64-bit Misalignment
Why misaligned data structures can be faster?
I’ve been following CMU’s 15-445/645 Database Systems course lately, trying to fill some gaps in my low-level systems knowledge. When the lectures covered memory alignment, it all made perfect sense. Cache lines, multiple memory operations, hardware penalties. Textbook stuff.
But here’s the thing: I don’t trust theory until I’ve seen it break something myself.
So I decided to write a benchmark. Simple plan: create two structs (one with natural alignment, one tightly packed) and demonstrate the performance penalty everyone talks about. I’d watch the misaligned version choke, nod knowingly, and move on to the next lecture.
Spoiler alert: The misaligned version won.

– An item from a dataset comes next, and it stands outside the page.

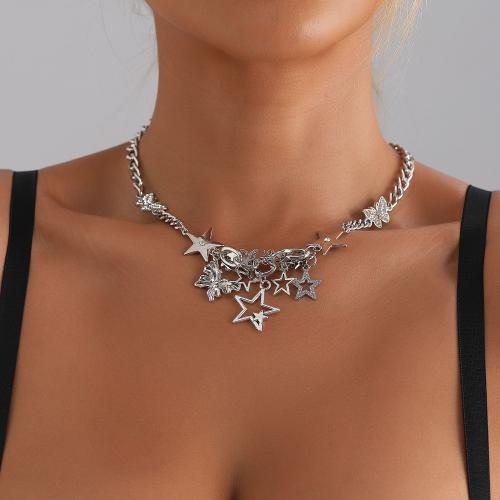 Zinc Alloy Necklace with 1.9inch extender chain Star platinum color plated fashion jewelry & for woman & hollow Length Approx 18.8 Inch Sold By PC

What is 64-bit Memory Alignment?
Before we get to the weird results, let me explain what I thought I understood. Modern processors prefer (or require) that data be aligned to 64-bit (8-byte) boundaries.
Why does alignment matter? When data is properly aligned, the CPU can read or write it in a single memory operation. When misaligned, several things can happen depending on the architecture1:
-
Multiple memory operations: Reading a misaligned
uint64_tmight require two separate memory reads instead of one. For example, if an 8-byte value starts at address 1, it might span two different memory access boundaries, requiring the CPU to:- Read bytes 0-7 (getting bytes 1-7 of our value)
- Read bytes 8-15 (getting byte 0 of our value)
- Combine the pieces with bit-shifting and masking
-
Non-atomic operations: Even more critically, misaligned writes are not atomic. A properly aligned 8-byte write happens as a single atomic operation, but a misaligned write might be implemented as:
- Read-modify-write of the first memory chunk
- Read-modify-write of the second memory chunk
This means another thread could observe a partially-written value, making misaligned access dangerous in concurrent code without additional synchronization.
Compilers automatically add padding to structs to maintain these alignment requirements and avoid these issues. Here’s a simple example:
// NORMAL struct - compiler adds padding for alignment
struct NormalStruct {
uint8_t a; // 1 byte
uint64_t b; // 8 bytes (aligned at offset 8)
uint16_t c; // 2 bytes
// Total: 24 bytes (with padding)
};
// PACKED struct - no padding, fields stored consecutively
struct __attribute__((packed)) PackedStruct {
uint8_t a; // 1 byte
uint64_t b; // 8 bytes (misaligned at offset 1)
uint16_t c; // 2 bytes
// Total: 11 bytes (no padding)
};
The memory layout looks like this:
NormalStruct (24 bytes):
Byte: 0 1 2 3 4 5 6 7 8 9 10 11 12 13 14 15 16 17 18 19
Field: [a][- padding (7 bytes) -][b b b b b b b b][c c][pad]
PackedStruct (11 bytes):
Byte: 0 1 2 3 4 5 6 7 8 9 10
Field: [a][b b b b b b b b][c c]
The packed version saves 13 bytes per struct (54% reduction), but the uint64_t b field is now misaligned, starting at offset 1 instead of 8.
The Plan
The plan was straightforward. I’d benchmark these two structs performing various operations and watch the misaligned version suffer. I tested on the two different architectures I have at home:
- Apple M1 Pro (ARM64)
- AMD Ryzen 7 8745HS (x86-64)
I created four benchmark tests:
- Sequential read of the
uint64_t bfield - Random read of the
uint64_t bfield - Sequential write to the
uint64_t bfield - Read-modify-write operations
Each test ran on arrays of 100,000 elements with 1,000 iterations, repeated 10 times for statistical reliability.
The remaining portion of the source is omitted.